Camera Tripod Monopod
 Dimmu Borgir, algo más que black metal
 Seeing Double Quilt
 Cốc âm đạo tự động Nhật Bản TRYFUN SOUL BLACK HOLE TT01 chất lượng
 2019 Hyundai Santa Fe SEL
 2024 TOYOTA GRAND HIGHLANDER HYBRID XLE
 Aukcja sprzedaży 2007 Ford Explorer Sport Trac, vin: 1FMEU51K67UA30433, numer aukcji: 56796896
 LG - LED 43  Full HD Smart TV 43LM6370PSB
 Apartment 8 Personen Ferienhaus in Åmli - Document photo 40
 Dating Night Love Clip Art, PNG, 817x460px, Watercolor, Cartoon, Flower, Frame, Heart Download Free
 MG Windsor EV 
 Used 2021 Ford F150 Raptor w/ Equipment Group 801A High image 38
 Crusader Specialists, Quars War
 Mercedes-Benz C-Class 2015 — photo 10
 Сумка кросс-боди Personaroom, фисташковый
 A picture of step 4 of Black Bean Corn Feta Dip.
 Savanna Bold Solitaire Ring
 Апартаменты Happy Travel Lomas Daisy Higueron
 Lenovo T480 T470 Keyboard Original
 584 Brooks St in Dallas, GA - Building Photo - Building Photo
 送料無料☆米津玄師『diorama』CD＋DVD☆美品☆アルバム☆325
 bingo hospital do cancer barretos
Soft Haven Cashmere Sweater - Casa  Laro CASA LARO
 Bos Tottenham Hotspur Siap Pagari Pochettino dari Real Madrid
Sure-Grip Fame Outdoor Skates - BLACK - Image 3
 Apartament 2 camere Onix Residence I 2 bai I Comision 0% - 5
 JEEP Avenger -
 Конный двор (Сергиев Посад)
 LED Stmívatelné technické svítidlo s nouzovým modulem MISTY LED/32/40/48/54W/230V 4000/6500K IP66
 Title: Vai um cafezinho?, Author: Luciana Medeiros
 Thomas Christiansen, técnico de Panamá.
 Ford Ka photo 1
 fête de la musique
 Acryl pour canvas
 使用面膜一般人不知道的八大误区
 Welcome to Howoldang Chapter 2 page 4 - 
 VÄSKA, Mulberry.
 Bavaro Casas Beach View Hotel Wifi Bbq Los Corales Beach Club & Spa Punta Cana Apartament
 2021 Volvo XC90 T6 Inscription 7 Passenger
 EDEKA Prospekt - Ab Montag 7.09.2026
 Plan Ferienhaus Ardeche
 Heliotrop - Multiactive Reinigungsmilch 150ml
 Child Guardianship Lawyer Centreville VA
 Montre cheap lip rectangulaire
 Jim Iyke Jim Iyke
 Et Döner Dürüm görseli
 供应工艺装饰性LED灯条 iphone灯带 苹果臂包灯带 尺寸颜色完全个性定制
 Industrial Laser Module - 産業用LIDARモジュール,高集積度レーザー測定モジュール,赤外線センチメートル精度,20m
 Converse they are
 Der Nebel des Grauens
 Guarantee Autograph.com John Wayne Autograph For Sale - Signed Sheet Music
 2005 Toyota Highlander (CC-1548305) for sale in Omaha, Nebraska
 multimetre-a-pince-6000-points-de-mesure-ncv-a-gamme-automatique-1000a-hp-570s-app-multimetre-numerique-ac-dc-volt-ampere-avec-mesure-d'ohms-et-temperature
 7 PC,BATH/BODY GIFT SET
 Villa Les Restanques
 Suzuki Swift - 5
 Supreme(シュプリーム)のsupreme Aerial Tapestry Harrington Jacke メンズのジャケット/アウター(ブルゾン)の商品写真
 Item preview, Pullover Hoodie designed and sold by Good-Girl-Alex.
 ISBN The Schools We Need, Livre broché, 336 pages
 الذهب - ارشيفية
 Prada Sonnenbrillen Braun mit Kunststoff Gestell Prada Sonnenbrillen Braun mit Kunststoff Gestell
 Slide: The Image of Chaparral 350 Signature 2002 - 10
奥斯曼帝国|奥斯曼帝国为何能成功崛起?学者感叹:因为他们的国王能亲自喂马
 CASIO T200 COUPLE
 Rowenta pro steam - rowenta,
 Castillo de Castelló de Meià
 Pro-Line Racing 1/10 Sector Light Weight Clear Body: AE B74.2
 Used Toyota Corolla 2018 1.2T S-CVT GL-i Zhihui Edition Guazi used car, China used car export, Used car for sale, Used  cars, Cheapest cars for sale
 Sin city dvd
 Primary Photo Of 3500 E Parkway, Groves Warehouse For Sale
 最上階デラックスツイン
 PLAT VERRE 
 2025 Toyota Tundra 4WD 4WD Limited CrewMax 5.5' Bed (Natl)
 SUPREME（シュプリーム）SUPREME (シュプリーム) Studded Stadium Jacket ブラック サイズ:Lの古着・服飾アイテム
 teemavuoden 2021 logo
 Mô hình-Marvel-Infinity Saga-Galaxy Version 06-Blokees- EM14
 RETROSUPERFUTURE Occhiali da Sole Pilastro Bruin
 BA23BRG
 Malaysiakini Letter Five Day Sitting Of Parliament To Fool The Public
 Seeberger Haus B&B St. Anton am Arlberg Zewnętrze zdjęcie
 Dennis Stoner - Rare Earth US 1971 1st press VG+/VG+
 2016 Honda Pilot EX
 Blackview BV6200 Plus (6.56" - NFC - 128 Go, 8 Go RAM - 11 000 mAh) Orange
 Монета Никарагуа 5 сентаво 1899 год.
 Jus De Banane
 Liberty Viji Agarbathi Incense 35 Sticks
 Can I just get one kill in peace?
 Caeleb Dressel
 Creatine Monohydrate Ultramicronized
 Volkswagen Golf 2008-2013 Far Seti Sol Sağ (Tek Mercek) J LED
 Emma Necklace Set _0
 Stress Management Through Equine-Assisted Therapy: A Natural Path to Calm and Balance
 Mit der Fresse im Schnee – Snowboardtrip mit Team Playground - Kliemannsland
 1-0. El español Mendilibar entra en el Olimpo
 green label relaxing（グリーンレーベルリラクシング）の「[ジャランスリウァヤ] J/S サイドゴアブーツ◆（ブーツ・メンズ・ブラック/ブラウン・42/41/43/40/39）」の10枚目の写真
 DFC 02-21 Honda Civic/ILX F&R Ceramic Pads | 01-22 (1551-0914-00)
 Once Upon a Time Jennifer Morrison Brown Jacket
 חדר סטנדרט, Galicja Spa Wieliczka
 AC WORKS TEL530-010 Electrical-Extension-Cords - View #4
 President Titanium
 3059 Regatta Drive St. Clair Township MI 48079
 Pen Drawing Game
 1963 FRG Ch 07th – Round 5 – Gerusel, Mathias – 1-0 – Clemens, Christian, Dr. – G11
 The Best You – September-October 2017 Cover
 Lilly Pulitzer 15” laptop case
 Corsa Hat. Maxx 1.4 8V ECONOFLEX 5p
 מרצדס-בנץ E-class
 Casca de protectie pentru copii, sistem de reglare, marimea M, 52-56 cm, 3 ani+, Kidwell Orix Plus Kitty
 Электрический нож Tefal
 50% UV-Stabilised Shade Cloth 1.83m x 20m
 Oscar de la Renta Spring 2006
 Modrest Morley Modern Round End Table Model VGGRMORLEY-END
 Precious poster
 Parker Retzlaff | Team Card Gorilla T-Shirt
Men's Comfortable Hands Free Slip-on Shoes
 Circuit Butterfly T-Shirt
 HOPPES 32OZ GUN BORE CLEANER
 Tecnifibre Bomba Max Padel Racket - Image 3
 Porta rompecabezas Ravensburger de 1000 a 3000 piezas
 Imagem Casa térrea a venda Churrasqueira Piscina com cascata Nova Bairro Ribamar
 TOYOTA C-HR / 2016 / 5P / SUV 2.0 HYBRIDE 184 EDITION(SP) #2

***

YOUR INSTRUCTIONS: From the material, report only how many lines include the word "Free".

OUTPUT OF THE EXERCISE: 2